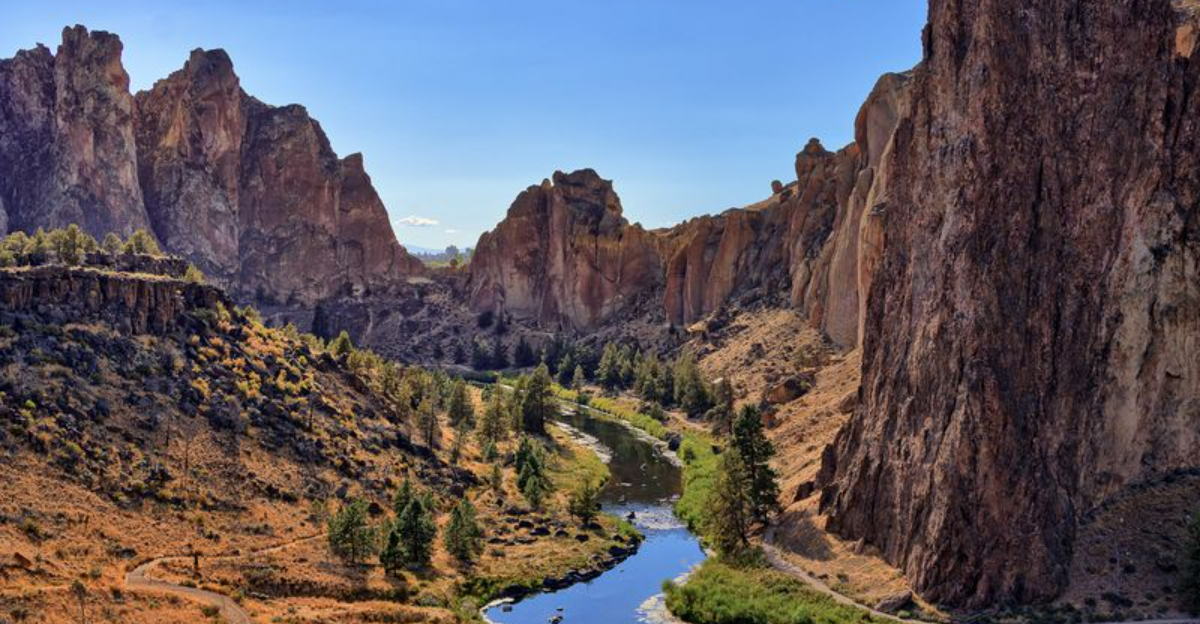 12の美しい風景のすべてのオレゴンの地元は、生涯に少なくとも一度は見る必要があります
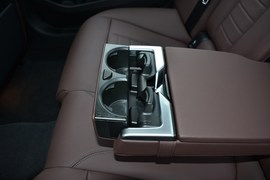 2020款宝马325Li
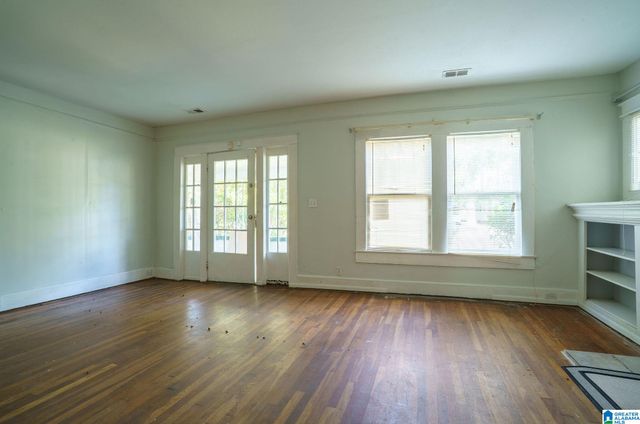 1833 SAINT CHARLES AVENUE SW, Birmingham, AL 35211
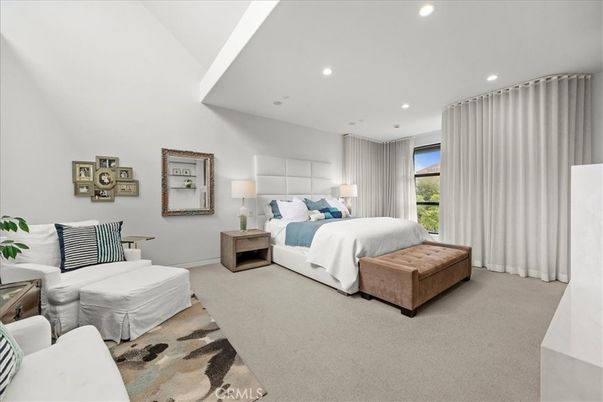 Bedroom, Interior, Recessed Lighting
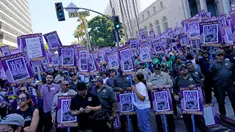 Pekerja melakukan mogok kerja di luar Balai Kota, Los Angeles, Amerika Serikat, Selasa (8/8/2023). Ribuan karyawan Kota Los Angeles, termasuk pekerja sanitasi, insinyur, dan petugas lalu lintas, keluar dari pekerjaan untuk melakukan pemogokan 24 jam dengan tuduhan praktik ketenagakerjaan yang tidak adil. (AP Photo/Ryan Sun)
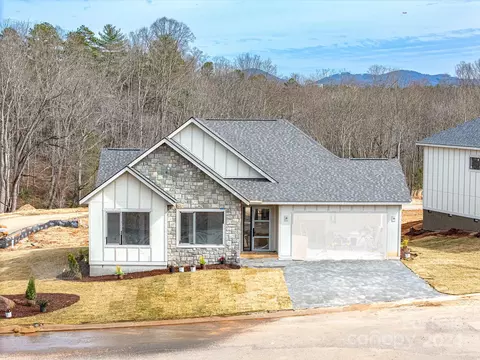 304 Avery Trail 19 Dr #19, Arden, NC 28704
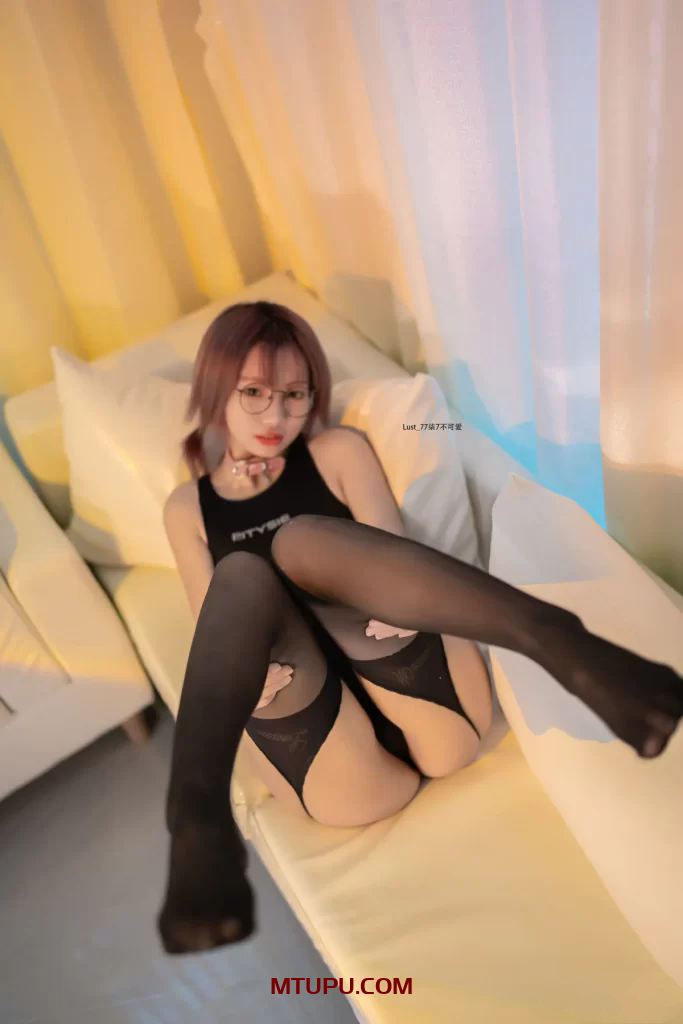 柒柒要乖哦(柒柒不可爱) 写真合集[64套][持续更新]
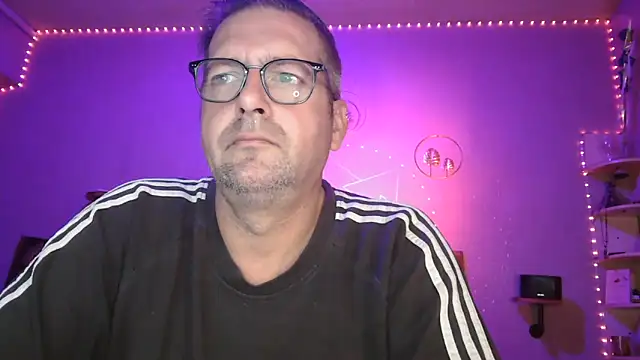 Snapshot of matrikes1 chatting on November 2025 07:25:01 PM matrikes1 online show from November 2025 07:25:01 PM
----------------------------------------
Work item = Images are to be skipped, and each line above is to be returned exactly.

Response below =
 12の美しい風景のすべてのオレゴンの地元は、生涯に少なくとも一度は見る必要があります
 2020款宝马325Li
 1833 SAINT CHARLES AVENUE SW, Birmingham, AL 35211
 Bedroom, Interior, Recessed Lighting
 Pekerja melakukan mogok kerja di luar Balai Kota, Los Angeles, Amerika Serikat, Selasa (8/8/2023). Ribuan karyawan Kota Los Angeles, termasuk pekerja sanitasi, insinyur, dan petugas lalu lintas, keluar dari pekerjaan untuk melakukan pemogokan 24 jam dengan tuduhan praktik ketenagakerjaan yang tidak adil. (AP Photo/Ryan Sun)
 304 Avery Trail 19 Dr #19, Arden, NC 28704
 柒柒要乖哦(柒柒不可爱) 写真合集[64套][持续更新]
 Snapshot of matrikes1 chatting on November 2025 07:25:01 PM matrikes1 online show from November 2025 07:25:01 PM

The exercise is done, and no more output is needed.